Did you know in Asian countries there is a way of life which is known as street food? I have yet to experience it but it’s up there on the bucket list and I have a particular yearning to visit Vietnam. The theatre of eating the local delicacies really speaks to me and I have heard that grasshoppers are particularly good.
What is simply a way of life in Asia is now a craze that is sweeping the globe, or rather the craze of copying this way of life is sweeping. In Australia every major city has this type of dinning, I have heard New Zealand’s very own Pakuranga Night Market is exceptionally good, although I am yet to visit.
The newest addition is the Glenfield night market which runs every Sunday from 5.30-11pm. Initially I thought it would probably be the same as many other “farmers/food markets” including crafts and all sorts of other non-food items but we decided to check it out anyway and we couldn’t have been more wrong and I had no idea of the experience I was in for that night.
We arrived before 6pm but the place was already heaving. Situated in the bottom carpark of the Glenfield Mall it was absolutely buzzing with noise, music, people, smells and great sights. There were still a few craft stalls present but they were easily passable. The only stop we made here was at the Camden market style, flashing rave t-shirts (I’ve always wanted one of those!). I would estimate maybe 40-50 (possibly more) cooking stalls selling allsorts from Thai dishes to an XXXL burger stand.
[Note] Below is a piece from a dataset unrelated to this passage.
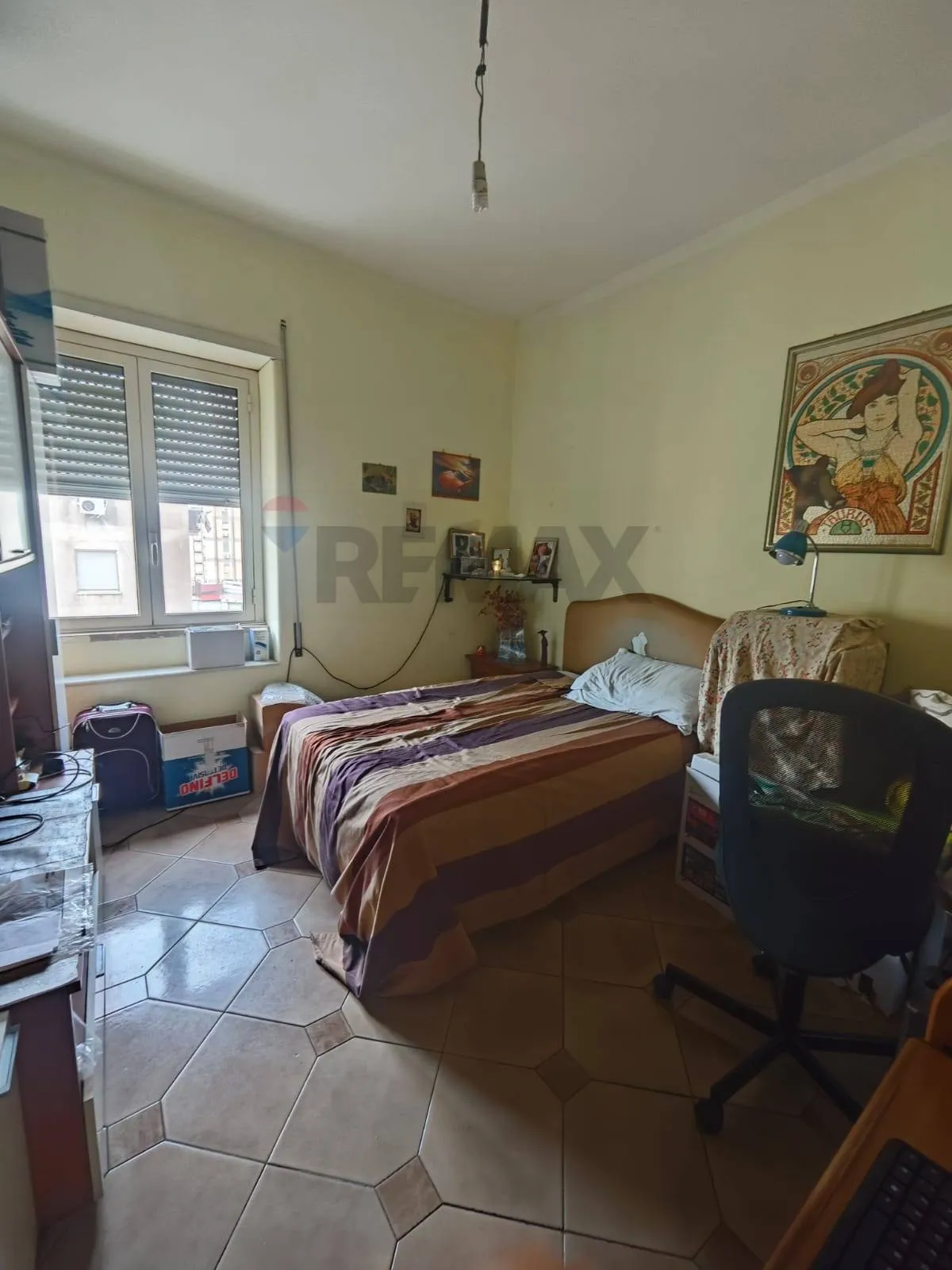 Appartamento in vendita a Catania, Via Palermo - Nesima - foto 8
Methodical as I am we started at the first stall and worked our way around. My wife and friends tried a few dishes, with me trying lots as I always do, the weirder the better as you will soon find out.
Now even with lots of stalls and lots of people it still doesn’t make it an authentic Asian street market does it, I want to see some unusual items that I can’t get at my local Thai restaurant or Chinese takeaway. By the end of the night the market would more than deliver.
The first thing I tried was Takoyaki. They are Japanese dough balls and there were several flavours available including the two I tried, Octopus and Crab. The crab ball had a cool claw sticking out of the top. They were crispy on the outside and had an almost custard middle. They were so rich in flavour and topped with smoked bonito flakes which finished them off nicely. A delicious start!
The next dish I am a little familiar with from my favourite farmers market in Hobsonville and it is Hungarian bread. The bread is so moreish and combined with one of their excellent toppings is always a favourite. I am a fan of the original garlic myself but we tried the sour cream and cheese and although not as good as the garlic it was still great.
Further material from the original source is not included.